Generally on ITBs I use rpm accel but don't worry about that until the table is well tuned.


----------



## bunnyslayer (Nov 2, 2006)

*Re: tuning with Alpha-N (need_a_VR6)*

thanks http://****************.com/smile/emthup.gif Now I have another stupid qustion for you. What do I have going on here? I have the algorithm set to alpha and vertical axis reading map. I never changed any thing on the ve table or afr table and it runs the best it ever has, just a little hard on fuel. How is this even working?....

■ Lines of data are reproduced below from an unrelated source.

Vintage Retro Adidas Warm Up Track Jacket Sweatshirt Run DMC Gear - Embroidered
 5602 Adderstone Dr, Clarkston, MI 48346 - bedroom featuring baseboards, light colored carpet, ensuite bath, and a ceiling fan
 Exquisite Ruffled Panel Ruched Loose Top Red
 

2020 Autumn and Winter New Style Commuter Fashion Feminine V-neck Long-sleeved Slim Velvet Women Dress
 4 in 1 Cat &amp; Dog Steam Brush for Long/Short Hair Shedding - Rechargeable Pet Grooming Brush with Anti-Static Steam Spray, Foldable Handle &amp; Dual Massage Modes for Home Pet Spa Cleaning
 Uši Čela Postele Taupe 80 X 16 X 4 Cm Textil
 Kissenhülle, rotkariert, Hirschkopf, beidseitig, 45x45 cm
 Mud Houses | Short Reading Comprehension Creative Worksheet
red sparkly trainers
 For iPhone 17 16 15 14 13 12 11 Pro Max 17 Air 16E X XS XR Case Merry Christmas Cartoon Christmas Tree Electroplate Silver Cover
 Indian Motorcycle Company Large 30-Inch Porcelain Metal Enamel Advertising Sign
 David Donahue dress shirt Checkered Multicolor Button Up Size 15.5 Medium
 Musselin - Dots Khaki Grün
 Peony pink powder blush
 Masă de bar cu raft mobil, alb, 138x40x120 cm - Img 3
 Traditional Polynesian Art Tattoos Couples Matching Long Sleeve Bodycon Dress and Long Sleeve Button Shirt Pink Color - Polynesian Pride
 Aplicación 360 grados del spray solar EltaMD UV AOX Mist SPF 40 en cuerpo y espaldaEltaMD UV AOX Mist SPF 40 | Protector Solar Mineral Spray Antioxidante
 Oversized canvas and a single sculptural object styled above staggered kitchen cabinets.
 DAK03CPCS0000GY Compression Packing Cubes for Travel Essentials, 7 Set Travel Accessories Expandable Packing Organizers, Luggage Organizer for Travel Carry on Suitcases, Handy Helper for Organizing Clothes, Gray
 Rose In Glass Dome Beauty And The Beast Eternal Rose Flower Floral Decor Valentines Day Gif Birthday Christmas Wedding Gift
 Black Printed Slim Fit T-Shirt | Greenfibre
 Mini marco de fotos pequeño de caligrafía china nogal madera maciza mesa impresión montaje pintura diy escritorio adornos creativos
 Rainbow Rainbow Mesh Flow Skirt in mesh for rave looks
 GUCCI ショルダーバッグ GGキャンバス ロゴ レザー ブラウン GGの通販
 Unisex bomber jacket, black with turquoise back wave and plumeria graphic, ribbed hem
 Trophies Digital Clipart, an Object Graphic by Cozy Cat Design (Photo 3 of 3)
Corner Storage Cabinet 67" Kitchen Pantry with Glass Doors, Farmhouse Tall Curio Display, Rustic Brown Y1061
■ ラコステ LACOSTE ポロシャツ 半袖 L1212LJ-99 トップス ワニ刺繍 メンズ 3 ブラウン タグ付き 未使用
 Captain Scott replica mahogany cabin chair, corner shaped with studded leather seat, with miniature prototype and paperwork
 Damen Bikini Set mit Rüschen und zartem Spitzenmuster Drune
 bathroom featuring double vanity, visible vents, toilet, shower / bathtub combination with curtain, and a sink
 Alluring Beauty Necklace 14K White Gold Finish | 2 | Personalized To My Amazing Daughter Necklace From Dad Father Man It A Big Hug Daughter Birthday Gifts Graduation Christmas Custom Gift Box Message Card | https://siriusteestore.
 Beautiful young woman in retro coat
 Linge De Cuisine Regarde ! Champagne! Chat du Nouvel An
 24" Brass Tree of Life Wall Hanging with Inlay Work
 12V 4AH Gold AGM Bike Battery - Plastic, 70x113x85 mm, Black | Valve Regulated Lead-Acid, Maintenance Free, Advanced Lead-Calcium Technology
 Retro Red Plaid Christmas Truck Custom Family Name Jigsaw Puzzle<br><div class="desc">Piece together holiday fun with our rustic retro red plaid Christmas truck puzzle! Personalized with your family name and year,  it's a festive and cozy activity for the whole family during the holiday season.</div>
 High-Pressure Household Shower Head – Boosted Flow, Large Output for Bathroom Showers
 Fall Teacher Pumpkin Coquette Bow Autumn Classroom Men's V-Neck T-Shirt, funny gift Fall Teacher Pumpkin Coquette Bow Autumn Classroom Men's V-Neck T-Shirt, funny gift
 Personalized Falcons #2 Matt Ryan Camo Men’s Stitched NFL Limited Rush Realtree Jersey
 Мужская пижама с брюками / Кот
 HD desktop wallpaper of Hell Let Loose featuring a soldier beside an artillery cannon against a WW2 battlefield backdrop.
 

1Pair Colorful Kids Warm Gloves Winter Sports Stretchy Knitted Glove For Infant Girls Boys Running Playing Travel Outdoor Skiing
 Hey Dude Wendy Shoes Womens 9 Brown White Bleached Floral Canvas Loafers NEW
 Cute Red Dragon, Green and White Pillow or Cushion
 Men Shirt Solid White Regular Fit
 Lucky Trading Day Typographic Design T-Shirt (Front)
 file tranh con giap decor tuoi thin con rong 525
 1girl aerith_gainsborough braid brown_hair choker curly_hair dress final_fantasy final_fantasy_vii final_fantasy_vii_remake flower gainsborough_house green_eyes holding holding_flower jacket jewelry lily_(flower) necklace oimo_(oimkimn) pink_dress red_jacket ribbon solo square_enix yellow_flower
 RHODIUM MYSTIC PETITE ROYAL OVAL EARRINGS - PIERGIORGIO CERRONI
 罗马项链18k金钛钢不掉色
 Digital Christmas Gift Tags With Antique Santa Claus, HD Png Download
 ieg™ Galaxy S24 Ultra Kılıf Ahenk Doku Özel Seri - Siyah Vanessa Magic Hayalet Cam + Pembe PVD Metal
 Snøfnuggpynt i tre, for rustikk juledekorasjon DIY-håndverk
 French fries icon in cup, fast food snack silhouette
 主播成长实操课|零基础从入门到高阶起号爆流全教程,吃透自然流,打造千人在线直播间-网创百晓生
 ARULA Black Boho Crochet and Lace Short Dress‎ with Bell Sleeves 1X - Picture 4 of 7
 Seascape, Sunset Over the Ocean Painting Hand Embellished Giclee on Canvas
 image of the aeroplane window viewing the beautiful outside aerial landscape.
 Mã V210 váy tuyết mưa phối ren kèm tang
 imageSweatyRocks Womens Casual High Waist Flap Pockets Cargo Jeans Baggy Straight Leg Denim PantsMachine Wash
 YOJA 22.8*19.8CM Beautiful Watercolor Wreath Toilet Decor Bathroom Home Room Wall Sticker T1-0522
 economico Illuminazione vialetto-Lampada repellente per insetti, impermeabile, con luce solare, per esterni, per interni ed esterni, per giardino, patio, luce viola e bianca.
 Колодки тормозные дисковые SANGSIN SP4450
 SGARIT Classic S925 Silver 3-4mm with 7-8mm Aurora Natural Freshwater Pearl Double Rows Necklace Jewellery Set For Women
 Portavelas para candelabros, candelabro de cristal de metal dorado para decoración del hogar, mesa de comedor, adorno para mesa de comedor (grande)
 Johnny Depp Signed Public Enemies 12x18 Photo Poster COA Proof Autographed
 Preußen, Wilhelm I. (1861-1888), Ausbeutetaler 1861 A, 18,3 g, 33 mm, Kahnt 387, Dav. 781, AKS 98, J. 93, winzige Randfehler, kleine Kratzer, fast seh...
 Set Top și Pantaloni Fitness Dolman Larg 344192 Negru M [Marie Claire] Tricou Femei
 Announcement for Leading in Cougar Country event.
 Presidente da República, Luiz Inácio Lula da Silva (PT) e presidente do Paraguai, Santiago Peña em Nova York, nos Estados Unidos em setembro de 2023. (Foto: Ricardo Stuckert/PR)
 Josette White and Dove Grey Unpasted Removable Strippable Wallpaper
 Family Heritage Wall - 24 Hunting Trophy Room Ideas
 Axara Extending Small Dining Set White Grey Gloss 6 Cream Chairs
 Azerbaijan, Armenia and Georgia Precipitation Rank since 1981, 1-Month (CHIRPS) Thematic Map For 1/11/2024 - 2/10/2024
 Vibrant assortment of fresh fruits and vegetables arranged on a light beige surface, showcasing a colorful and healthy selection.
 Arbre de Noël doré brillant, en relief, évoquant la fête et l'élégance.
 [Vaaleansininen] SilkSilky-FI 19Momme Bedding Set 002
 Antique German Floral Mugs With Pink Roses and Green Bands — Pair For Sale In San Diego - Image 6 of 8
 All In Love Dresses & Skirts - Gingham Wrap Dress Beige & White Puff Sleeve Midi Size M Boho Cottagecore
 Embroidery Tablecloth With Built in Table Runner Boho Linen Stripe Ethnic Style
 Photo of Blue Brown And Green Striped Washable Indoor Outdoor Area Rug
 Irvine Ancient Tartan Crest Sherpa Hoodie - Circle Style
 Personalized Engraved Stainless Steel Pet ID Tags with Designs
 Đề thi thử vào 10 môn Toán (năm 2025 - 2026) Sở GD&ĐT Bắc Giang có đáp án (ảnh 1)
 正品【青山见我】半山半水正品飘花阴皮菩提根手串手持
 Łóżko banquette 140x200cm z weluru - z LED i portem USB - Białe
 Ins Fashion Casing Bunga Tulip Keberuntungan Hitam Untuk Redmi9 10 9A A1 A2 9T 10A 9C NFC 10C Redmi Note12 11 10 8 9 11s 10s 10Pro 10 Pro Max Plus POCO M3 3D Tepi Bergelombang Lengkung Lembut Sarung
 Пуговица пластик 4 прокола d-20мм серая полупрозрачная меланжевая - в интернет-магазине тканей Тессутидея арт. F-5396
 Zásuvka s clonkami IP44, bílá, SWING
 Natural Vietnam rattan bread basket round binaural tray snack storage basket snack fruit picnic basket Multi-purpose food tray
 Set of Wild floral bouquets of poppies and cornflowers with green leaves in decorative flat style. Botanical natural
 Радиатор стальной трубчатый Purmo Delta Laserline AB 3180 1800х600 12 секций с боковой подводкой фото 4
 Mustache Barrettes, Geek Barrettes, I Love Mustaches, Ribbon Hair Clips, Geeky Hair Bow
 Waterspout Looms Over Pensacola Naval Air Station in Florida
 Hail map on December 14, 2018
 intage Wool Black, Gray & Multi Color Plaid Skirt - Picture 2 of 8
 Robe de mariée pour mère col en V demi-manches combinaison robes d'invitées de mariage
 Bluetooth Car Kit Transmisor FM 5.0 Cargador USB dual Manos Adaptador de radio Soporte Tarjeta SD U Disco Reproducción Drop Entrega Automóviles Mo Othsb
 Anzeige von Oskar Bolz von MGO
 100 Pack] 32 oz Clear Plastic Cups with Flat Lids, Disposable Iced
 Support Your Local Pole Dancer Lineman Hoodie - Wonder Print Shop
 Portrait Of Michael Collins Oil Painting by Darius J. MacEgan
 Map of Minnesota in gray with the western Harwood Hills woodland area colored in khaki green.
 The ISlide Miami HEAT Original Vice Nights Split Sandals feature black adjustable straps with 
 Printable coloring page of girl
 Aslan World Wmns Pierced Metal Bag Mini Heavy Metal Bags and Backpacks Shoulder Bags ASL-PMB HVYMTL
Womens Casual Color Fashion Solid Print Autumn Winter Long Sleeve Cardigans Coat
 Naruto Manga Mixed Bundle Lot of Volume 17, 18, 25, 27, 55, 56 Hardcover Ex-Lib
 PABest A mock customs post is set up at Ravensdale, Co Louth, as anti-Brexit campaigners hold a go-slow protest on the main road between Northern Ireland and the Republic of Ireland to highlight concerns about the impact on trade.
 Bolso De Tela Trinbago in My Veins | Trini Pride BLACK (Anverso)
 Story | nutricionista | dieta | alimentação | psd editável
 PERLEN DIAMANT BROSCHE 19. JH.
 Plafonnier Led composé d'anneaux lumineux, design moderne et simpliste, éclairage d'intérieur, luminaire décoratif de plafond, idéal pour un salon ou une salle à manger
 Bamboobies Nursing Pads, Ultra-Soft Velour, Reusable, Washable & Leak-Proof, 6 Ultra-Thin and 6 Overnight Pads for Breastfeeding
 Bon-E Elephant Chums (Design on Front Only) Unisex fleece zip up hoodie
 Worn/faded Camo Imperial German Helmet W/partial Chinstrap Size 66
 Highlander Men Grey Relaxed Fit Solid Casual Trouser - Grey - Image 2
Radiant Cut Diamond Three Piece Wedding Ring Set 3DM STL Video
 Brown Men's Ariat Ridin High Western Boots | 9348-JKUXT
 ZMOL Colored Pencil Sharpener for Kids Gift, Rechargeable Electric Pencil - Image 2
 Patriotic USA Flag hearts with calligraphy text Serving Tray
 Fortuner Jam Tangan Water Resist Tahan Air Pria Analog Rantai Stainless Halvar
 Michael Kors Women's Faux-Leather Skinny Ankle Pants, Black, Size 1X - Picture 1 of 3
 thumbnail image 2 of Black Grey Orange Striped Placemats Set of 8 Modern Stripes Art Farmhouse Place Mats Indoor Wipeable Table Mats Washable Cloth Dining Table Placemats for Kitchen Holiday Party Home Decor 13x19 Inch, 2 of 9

_Modified by bunnyslayer at 9:06 PM 5-12-2008_


----------



## need_a_VR6 (May 19, 1999)

*Re: tuning with Alpha-N (bunnyslayer)*

Haha, who knows, you probably just haven't done ONE thing needed to enable Alpha-N. If you do it right it reads TPS at the top of that axis. 
Make sure you have:
Alpha-N selected under Engine Constants - Control Algorithm
Alpha-N selected under your car folder, in your Settings - Settings - Fueling Algorithm (make sure you save the ini before you close)


----------



## bunnyslayer (Nov 2, 2006)

*Re: tuning with Alpha-N (need_a_VR6)*

I tryed it like that but I never re-tuned(I just don't have the time right now) so it runs like crap. I end up switching it back so it reads map and in alpha. I have no clue how or why it Works like this, all I know is it works and it works really well. 
So I'm not going to fugk with it









how are you guys up loading pics of your maps?
I would like to have you have a look at mine, that is if you wouldn't mind


----------



## need_a_VR6 (May 19, 1999)

*Re: tuning with Alpha-N (bunnyslayer)*

Usually I just do a print-screen and then save that as a picture in photoshop and upload it. Not sure if there's an easier way.


----------



## bunnyslayer (Nov 2, 2006)

*Re: tuning with Alpha-N (need_a_VR6)*




























































_Modified by bunnyslayer at 10:17 PM 5-14-2008_


----------



## need_a_VR6 (May 19, 1999)

*Re: tuning with Alpha-N (bunnyslayer)*

Do me a favor, with key on go to VE table 1, and there should be a highlighted green cell (current), with no and full throttle what bins are highlighted?


----------



## bunnyslayer (Nov 2, 2006)

*Re: tuning with Alpha-N (need_a_VR6)*

the highlighted green cell is at 90kpa 500 rpm and in the 42 VE cell
with no and full throttle..
I take it ms uses the map as a bero with the engine off


----------



## need_a_VR6 (May 19, 1999)

*Re: tuning with Alpha-N (bunnyslayer)*

Yes, but that confirms that you're actually running off of speed-density and not Alpha at all.


----------



## rabbot16v (Jun 24, 2006)

*Re: tuning with Alpha-N (need_a_VR6)*

sounds like you still haven't done this
"Alpha-N selected under your car folder, in your Settings - Settings - Fueling Algorithm (make sure you save the ini before you close)"
once that is done, all the bins should change to TPS


----------



## bunnyslayer (Nov 2, 2006)

*Re: tuning with Alpha-N (need_a_VR6)*

Yes I was thinking that I was still in speed density.
But what I don't under stand is when I set it to read speed-density
It runs really crapy. 
Just by switching the setting to alpha it fixed ever thing
How is this even possible? 
let alone how is the car even running the way I have it set up right now


----------